The demands of forced economic equality are usually justified by the “growing income gap” between rich and poor, and men and women, as well as various groups of minorities. Such demands are usually followed by a plan to improve on reality by aggressively tampering with market forces — which, as we already know, can only make the existing income gap worse due to the resulting poverty, economic stagnation, and limited upward mobility.
In a free society, an income gap results from the success of some and the failure of others, and is, on the most part, fair. A rational, constructive way to diminish this gap is to increase the number of successful people by ensuring that everyone has the freedom and opportunity to earn an honest income. An irrational, destructive approach is to blame the successful, restrict their growth, and redistribute their property. Its proponents would never call it that, though — they prefer the familiar Orwellian “economic equality and justice,” and sometimes “fairness” for short.
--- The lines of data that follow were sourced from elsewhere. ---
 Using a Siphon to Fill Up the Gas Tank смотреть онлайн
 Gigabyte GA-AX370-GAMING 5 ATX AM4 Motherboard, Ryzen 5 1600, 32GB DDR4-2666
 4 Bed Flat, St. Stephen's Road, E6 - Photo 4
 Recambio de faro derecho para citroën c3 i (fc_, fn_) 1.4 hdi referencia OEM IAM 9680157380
Resulting in state-sanctioned inequality, it punishes effort, rewards sloth, fosters corruption, and keeps people down by restricting their freedoms, which is neither just not fair.
That is why the only unfair income gap that deserves to be looked at in today’s U.S. economy is the gap between the market-based, non-union wages and the artificially inflated union wages — a gap that was deliberately created by twisting the arms of businesses, paying off politicians, and lobbying for anti-business regulations.
Observe an absurd charade: union-forced unequal pay for equal work has the blessing of the champions of “fairness” who like to preach equal pay for equal work, while all they really advocate is equal pay for unequal work — otherwise known as the communist principle “from each according to his abilities, to each according to his needs.” And these are the same people who can’t shut up about the unfairness of capitalism.
They argue that the gap wouldn’t exist if all workers joined in solidarity and demanded higher wages, benefits, and job guarantees — or, better yet, elected a government that would force the employers to pay up. Let’s test this theory and assume that, as of this morning, all Americans have become equally entitled to union-style wages and benefits. What happens next?
The prices will go up on all essential products. Unionized workers will lose their current advantages. Naturally, the unions will go on strike and use all means in their arsenal to upgrade their members to a “more equal” status. Once they’ve been upgraded, things will return to the old unequal ways — only now the cost of living will be much higher and the people’s savings accounts will be severely depreciated. The country will emerge from the pay hikes poorer than before.
And that will only be the tip of the iceberg. The unreasonably high cost of American products will make them less competitive internationally. To maintain a comfortable standard of living in a shrinking economy, Americans will increasingly rely on the influx of cheap products from countries that hadn’t been touched by the wage cycle. A skyrocketing trade imbalance will undermine America’s standing in the world. A greater number of American businesses will now be outsourcing jobs or hiring illegal migrants in order to stay afloat.
The worsening unemployment, economic recession, and the growing income gap — both domestic and international — as well as the media campaign blaming the crisis on greed, selfishness, and other evils of the free market, will rally more people under the banners of economic equality and redistribution. In the absence of articulate opposition, free enterprise will lose its former attractiveness and Americans will elect a socialist government that will nationalize key industries and begin openly to dismantle the framework of capitalism.
If you find such a dystopia frightening, I have news for you: it is already happening.